* REQUIREMENT *
Report back every line in the data that includes the string "rosa".

________________________________________

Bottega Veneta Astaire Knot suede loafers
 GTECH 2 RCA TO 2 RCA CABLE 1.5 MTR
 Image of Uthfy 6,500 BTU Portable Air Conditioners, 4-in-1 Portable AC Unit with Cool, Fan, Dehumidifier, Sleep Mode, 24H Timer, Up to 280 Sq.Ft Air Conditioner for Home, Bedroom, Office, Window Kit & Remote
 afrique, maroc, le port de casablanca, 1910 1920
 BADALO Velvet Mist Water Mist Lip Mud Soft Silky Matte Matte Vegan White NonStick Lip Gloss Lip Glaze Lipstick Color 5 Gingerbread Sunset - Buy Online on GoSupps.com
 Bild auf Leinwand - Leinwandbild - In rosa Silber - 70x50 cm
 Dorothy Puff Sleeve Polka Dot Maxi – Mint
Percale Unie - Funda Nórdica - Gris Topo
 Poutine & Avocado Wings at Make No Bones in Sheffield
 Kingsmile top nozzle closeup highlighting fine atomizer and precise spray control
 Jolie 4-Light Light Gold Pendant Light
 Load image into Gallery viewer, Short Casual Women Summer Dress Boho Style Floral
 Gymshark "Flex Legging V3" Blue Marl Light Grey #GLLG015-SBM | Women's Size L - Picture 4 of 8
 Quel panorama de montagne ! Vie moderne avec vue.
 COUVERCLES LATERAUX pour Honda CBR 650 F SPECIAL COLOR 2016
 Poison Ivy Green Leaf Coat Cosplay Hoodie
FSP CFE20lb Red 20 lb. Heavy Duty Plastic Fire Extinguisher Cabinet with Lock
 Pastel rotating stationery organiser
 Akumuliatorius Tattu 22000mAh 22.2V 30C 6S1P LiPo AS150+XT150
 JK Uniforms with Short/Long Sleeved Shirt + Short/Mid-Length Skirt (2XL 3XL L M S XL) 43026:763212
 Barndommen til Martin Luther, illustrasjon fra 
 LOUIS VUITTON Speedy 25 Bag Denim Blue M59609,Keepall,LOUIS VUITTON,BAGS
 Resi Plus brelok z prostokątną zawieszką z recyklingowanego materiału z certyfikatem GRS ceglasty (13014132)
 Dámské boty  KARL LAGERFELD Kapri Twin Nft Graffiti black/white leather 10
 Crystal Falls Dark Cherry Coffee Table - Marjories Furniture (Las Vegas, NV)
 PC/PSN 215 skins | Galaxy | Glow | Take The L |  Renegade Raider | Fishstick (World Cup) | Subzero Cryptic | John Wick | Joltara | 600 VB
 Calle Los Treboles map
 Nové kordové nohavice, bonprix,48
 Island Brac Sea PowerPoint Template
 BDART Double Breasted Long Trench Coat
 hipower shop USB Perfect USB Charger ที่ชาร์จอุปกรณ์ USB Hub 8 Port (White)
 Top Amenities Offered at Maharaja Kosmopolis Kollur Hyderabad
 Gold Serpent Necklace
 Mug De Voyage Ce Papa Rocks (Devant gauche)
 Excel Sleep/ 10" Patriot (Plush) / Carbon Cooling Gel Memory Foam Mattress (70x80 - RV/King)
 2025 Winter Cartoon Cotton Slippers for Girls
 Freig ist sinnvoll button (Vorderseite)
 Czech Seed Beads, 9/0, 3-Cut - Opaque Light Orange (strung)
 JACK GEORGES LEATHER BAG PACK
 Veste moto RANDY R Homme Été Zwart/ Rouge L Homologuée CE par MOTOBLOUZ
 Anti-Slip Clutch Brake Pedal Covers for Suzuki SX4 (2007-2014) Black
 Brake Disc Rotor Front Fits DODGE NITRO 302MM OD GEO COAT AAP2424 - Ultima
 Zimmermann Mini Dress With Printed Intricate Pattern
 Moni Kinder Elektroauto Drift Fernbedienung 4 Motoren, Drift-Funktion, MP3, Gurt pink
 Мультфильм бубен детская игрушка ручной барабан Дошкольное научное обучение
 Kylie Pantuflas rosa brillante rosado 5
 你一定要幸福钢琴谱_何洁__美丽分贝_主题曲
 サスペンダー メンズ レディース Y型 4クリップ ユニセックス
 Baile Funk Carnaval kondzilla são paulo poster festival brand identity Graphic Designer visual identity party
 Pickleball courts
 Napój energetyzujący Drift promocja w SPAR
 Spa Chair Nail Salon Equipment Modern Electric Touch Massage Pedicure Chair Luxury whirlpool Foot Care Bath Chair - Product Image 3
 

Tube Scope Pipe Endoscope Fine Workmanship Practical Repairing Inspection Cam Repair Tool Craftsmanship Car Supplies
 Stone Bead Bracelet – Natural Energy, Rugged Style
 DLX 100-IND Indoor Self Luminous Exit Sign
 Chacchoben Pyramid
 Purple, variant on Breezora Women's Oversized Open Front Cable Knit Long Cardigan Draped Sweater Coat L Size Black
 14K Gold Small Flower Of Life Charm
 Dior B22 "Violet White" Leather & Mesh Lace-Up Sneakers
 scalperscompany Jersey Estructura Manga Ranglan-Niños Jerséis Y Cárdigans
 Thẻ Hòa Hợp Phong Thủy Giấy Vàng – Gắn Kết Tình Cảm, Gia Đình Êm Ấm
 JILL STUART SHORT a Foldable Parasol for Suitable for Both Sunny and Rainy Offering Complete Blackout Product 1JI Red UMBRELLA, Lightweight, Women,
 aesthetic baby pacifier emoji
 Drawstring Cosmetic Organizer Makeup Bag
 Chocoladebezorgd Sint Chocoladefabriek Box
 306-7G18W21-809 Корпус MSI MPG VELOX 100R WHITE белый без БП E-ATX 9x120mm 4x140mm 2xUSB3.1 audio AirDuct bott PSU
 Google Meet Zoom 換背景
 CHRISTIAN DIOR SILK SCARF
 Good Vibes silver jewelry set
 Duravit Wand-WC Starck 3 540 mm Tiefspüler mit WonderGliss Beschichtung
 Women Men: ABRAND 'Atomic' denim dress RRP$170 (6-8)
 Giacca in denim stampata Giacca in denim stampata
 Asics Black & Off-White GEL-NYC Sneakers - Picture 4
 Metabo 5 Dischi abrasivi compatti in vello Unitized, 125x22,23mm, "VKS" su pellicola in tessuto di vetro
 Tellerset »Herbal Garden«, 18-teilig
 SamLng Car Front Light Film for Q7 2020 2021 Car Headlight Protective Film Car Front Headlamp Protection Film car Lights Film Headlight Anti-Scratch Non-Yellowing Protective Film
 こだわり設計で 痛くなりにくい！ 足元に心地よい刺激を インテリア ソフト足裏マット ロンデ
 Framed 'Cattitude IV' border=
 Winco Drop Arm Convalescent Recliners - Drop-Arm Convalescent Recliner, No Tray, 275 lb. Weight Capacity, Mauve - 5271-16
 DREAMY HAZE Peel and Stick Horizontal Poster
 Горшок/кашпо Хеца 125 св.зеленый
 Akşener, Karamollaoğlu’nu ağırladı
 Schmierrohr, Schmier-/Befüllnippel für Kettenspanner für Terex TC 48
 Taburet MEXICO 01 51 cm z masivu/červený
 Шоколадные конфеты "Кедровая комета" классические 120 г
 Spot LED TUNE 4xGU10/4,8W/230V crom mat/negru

________________________________________

* WRITTEN RESPONSE *
 Bild auf Leinwand - Leinwandbild - In rosa Silber - 70x50 cm
 Kylie Pantuflas rosa brillante rosado 5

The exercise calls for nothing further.